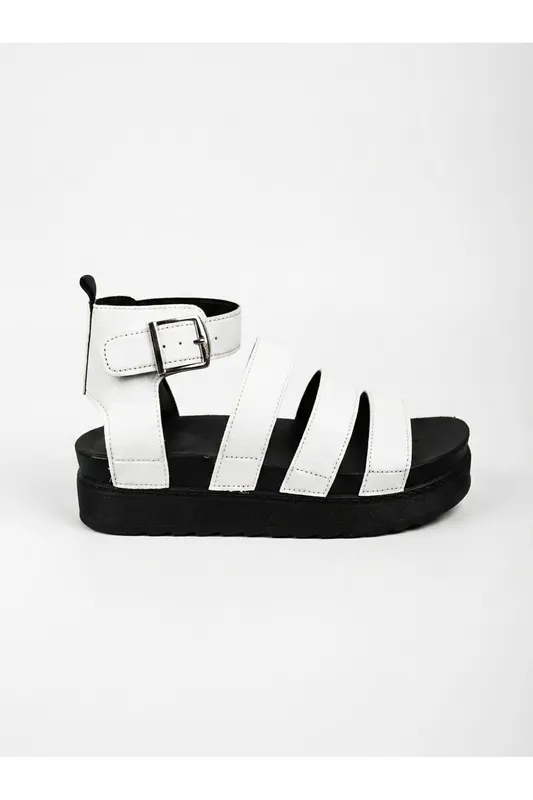 Nina Womens Multi Strap Platform Sandals - IKRUSH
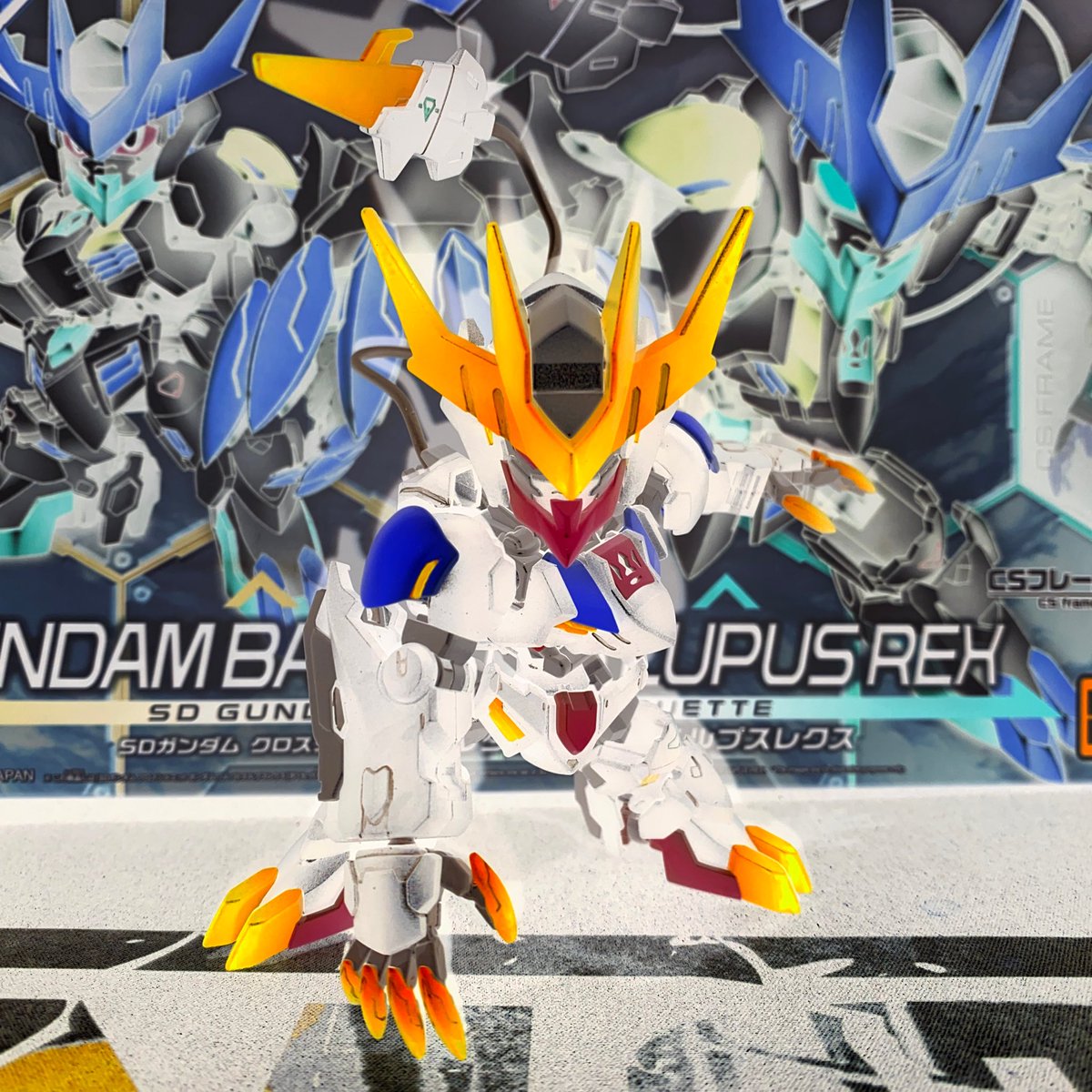 wiki_tim's tweet photo. Just Normal Color #gbth2021 #gundam #babartoslupusrex #WikiTim https://t.co/t0fiCOGiiH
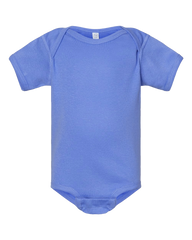 RABBIT SKINS Custom Infant Baby Rib Bodysuit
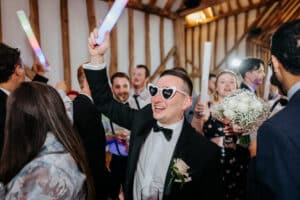 WEDDING DJ IN ESSEX VILLIERS BARN BARN DJ HIRE ESSEX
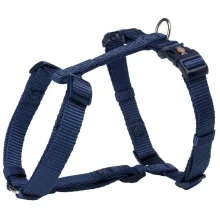 Шлея Trixie Premium H-Harness для собак, 42-60 см, 15 мм, розмір S-M, індиго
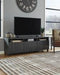 Yarlow Black 70" TV Stand - W215-66 - Gate Furniture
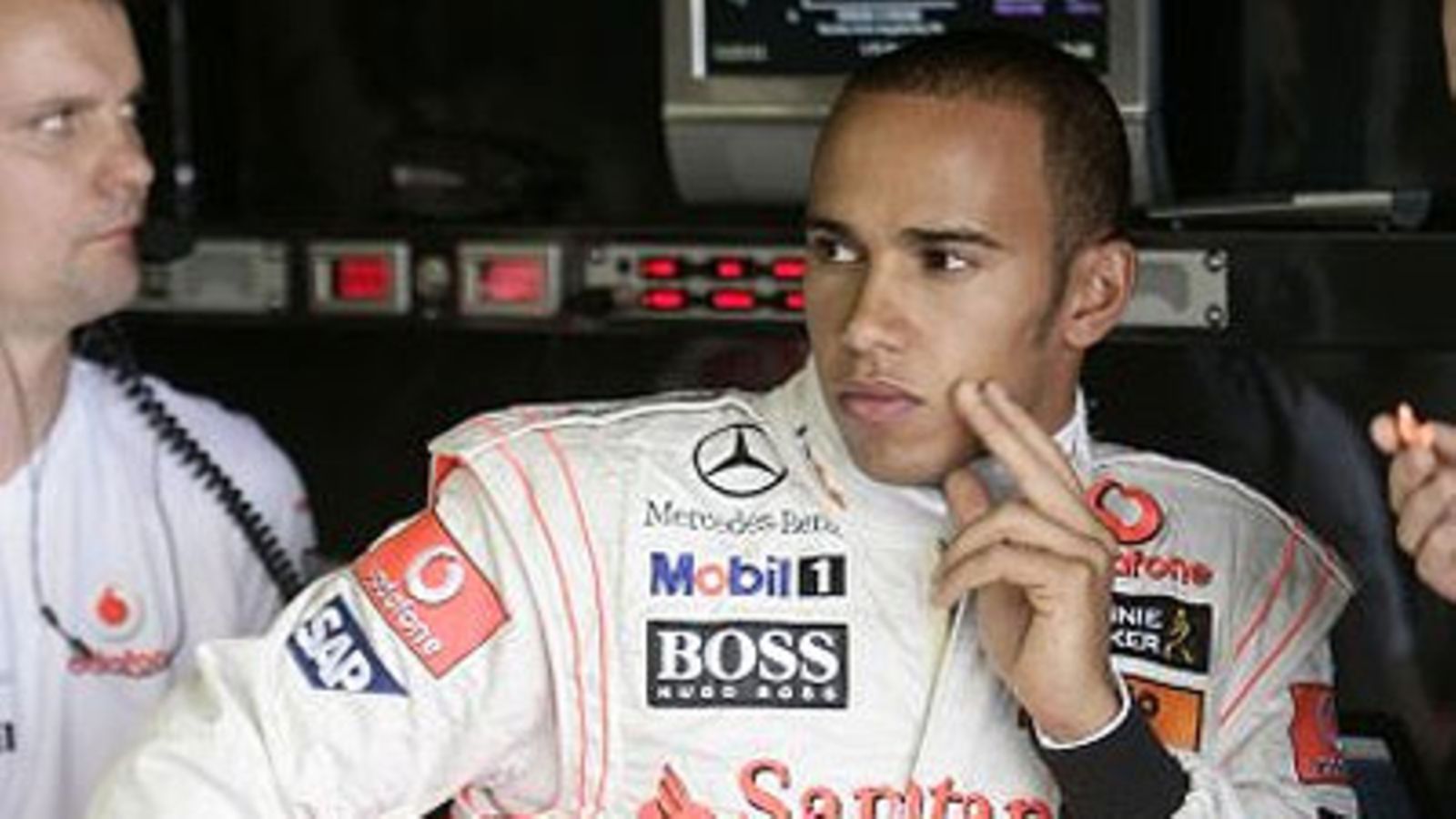 Lewis Hamilton, kuva: McLaren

*WORK ITEM*: Using the listing above, repeat word for word each line from the one with "wiki_tim's tweet photo." down to the one with "WEDDING DJ IN", both included. Omit all pictures.

*EXERCISE ANSWER*:
 wiki_tim's tweet photo. Just Normal Color #gbth2021 #gundam #babartoslupusrex #WikiTim https://t.co/t0fiCOGiiH
 RABBIT SKINS Custom Infant Baby Rib Bodysuit
 WEDDING DJ IN ESSEX VILLIERS BARN BARN DJ HIRE ESSEX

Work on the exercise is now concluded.